Everything below from the line with "Mercedes-Benz SL - 26" through the line with "Celular em sala" must be retyped exactly, except the pictures.

→ **INFORMATION SUPPLIED**:
--
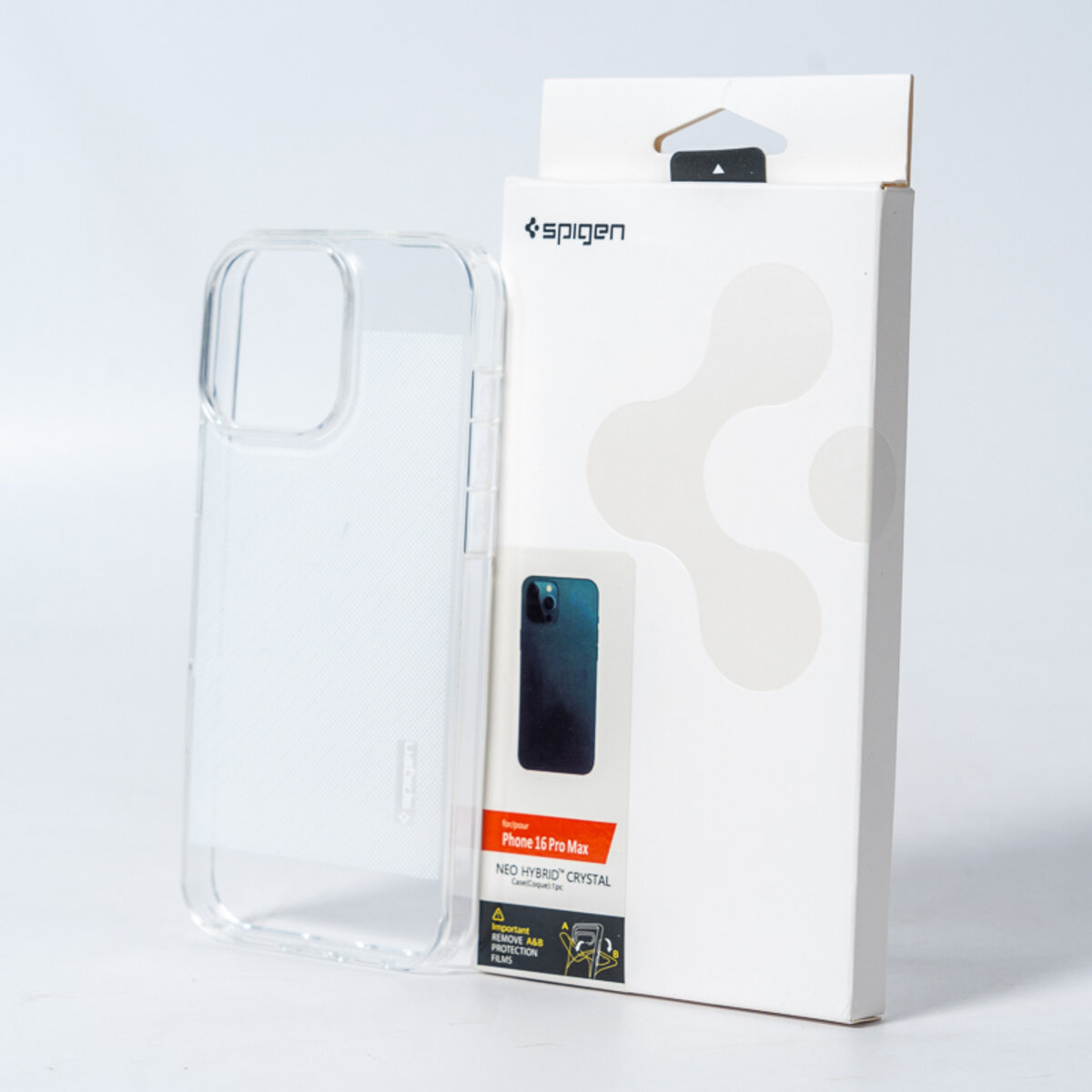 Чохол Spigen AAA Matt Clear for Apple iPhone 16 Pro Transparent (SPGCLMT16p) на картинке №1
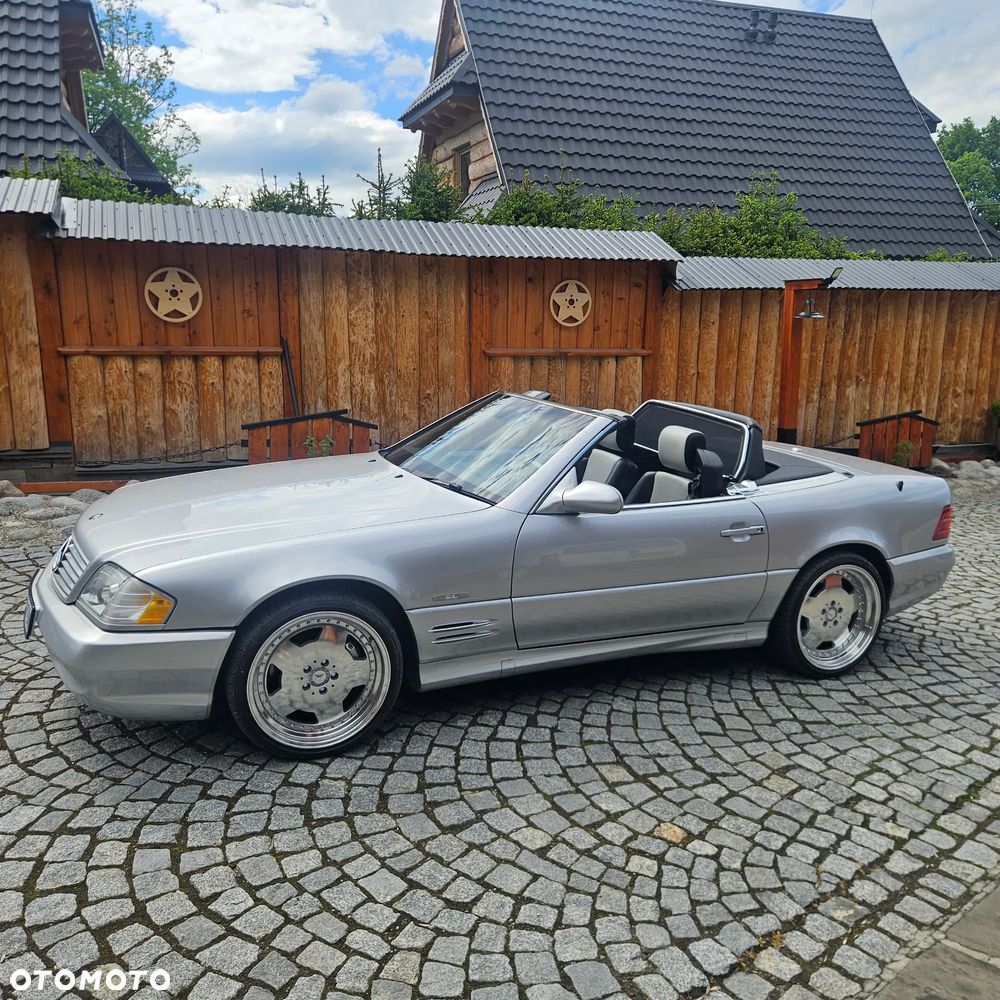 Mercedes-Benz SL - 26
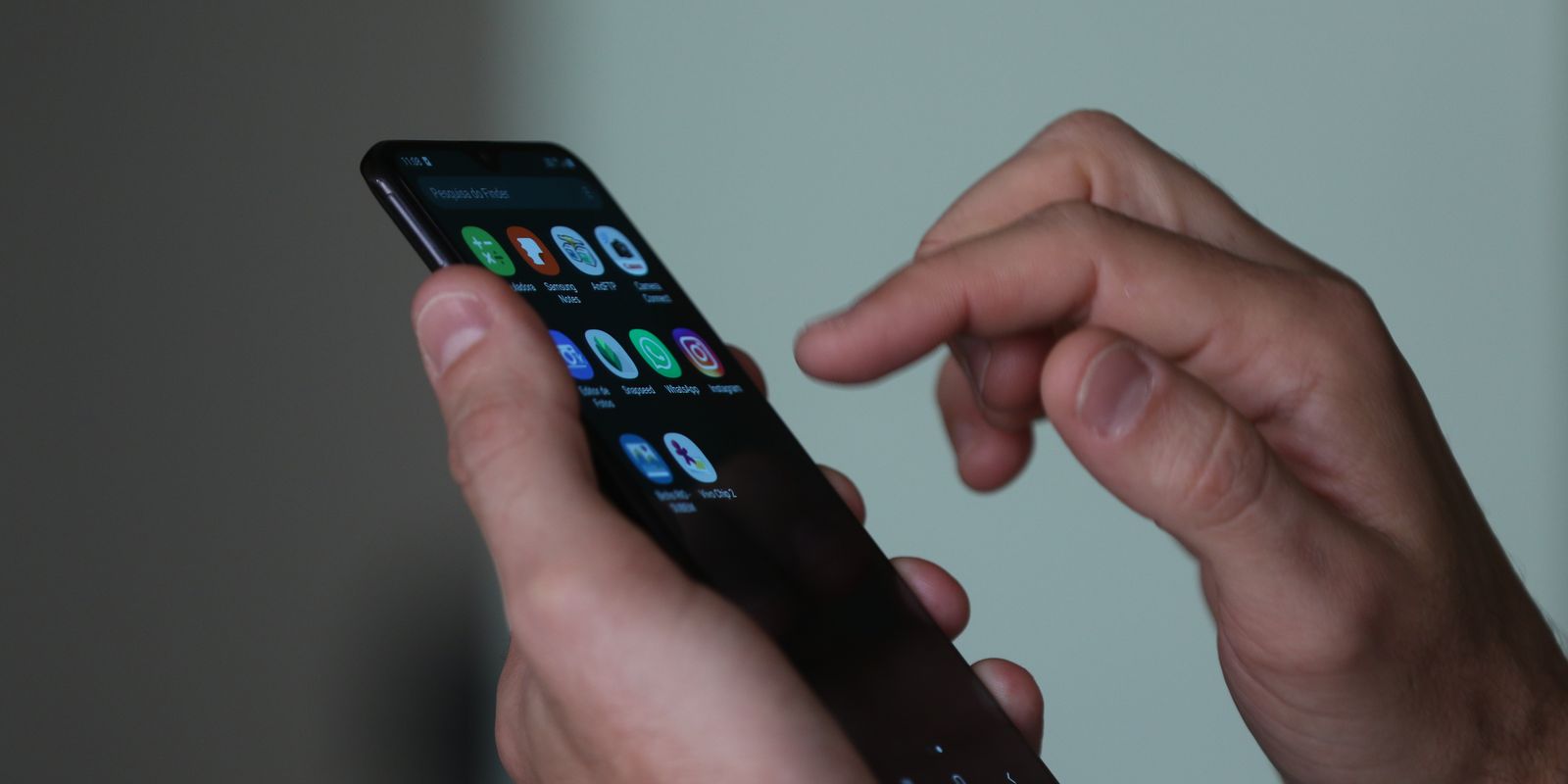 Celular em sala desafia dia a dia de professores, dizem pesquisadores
--
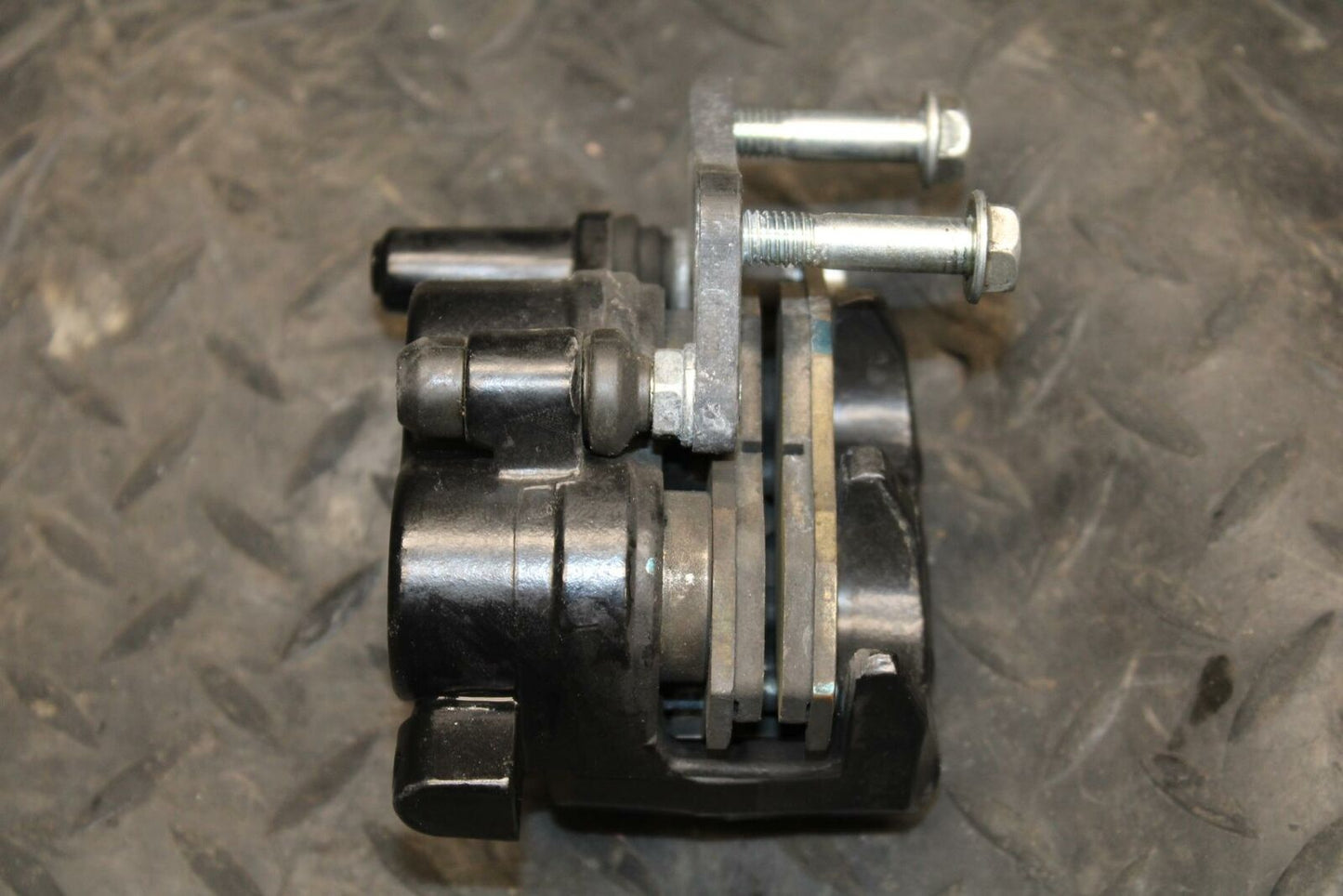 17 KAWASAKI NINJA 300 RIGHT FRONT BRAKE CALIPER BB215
--
→ **YOUR SOLUTION**:
 Mercedes-Benz SL - 26
 Celular em sala desafia dia a dia de professores, dizem pesquisadores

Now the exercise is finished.